= Glass-ceramic-to-metal seals =

Airtight seal between glass-ceramic and metal surfaces

A glass-ceramic-to-metal seal is a type of mechanical seal which binds glass-ceramic and metal surfaces. They are related to glass-to-metal seals, and like them are hermetic (airtight).

==Properties==
Glass-ceramics are polycrystalline ceramic materials prepared by the controlled crystallization of suitable glasses, normally silicates. Depending on the starting glass composition and the heat-treatment schedule adopted, glass-ceramics can be prepared with tailored thermal expansion characteristics. This makes them ideal for sealing to a variety of different metals, ranging from low expansion tungsten (W) or molybdenum (Mo) to high expansion stainless steels and nickel-based superalloys.
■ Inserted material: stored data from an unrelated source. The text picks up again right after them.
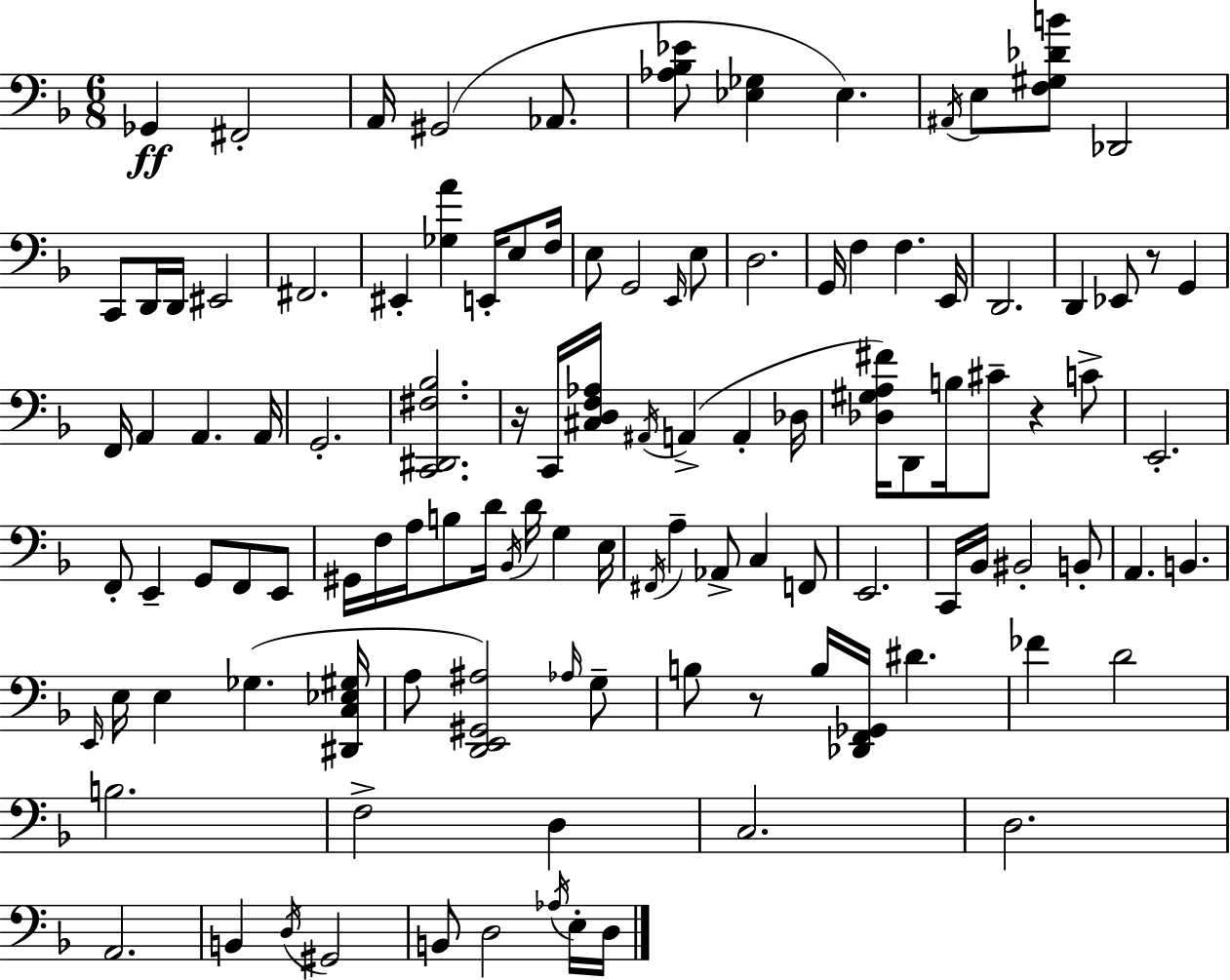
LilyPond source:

{
  \clef bass
  \numericTimeSignature
  \time 6/8
  \key f \major
  ges,4\ff fis,2-. | a,16 gis,2( aes,8. | <aes bes ees'>8 <ees ges>4 ees4.) | \acciaccatura { ais,16 } e8 <f gis des' b'>8 des,2 | \break c,8 d,16 d,16 eis,2 | fis,2. | eis,4-. <ges a'>4 e,16-. e8 | f16 e8 g,2 \grace { e,16 } | \break e8 d2. | g,16 f4 f4. | e,16 d,2. | d,4 ees,8 r8 g,4 | \break f,16 a,4 a,4. | a,16 g,2.-. | <c, dis, fis bes>2. | r16 c,16 <cis d f aes>16 \acciaccatura { ais,16 } a,4->( a,4-. | \break des16 <des gis a fis'>16) d,8 b16 cis'8-- r4 | c'8-> e,2.-. | f,8-. e,4-- g,8 f,8 | e,8 gis,16 f16 a16 b8 d'16 \acciaccatura { bes,16 } d'16 g4 | \break e16 \acciaccatura { fis,16 } a4-- aes,8-> c4 | f,8 e,2. | c,16 bes,16 bis,2-. | b,8-. a,4. b,4. | \break \grace { e,16 } e16 e4 ges4.( | <dis, c ees gis>16 a8 <d, e, gis, ais>2) | \grace { aes16 } g8-- b8 r8 b16 | <des, f, ges,>16 dis'4. fes'4 d'2 | \break b2. | f2-> | d4 c2. | d2. | \break a,2. | b,4 \acciaccatura { d16 } | gis,2 b,8 d2 | \acciaccatura { aes16 } e16-. d16 \bar "|."
}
Glass-ceramic-to-metal seals offer superior properties over their glass equivalents including more refractory behaviour, in addition to their ability to seal successfully to many different metals and alloys. They have been used in electrical feed-through seals for such applications as vacuum interrupter envelopes and pyrotechnic actuators, in addition to many applications where a higher temperature capability than is possible with glass-to-metal seals is required, including solid oxide fuel cells.

==Process==
In the formation of a glass-ceramic-to-metal seal, the parts to be joined are first heated, normally under inert atmosphere, in order to melt the glass and allow it to wet and flow into the metal parts, in much the same way as when preparing a more conventional glass-to-metal seal. The temperature is then normally reduced into a temperature regime where many microscopic nuclei are formed in the glass. The temperature is then raised again into a regime where the major crystalline phases can form and grow to create the polycrystalline ceramic material with thermal expansion characteristics matched to that of the particular metal parts.

== Examples ==
The white opaque "glue" between the panel and the funnel of a colour TV cathode ray tube is a
devitrified solder glass based on the system PbO–ZnO–B_{2}O_{3}. While
this is a glass-ceramic-to-glass seal, the basic patent of S.A. Claypoole considers
glass-ceramic-to-metal seals as well.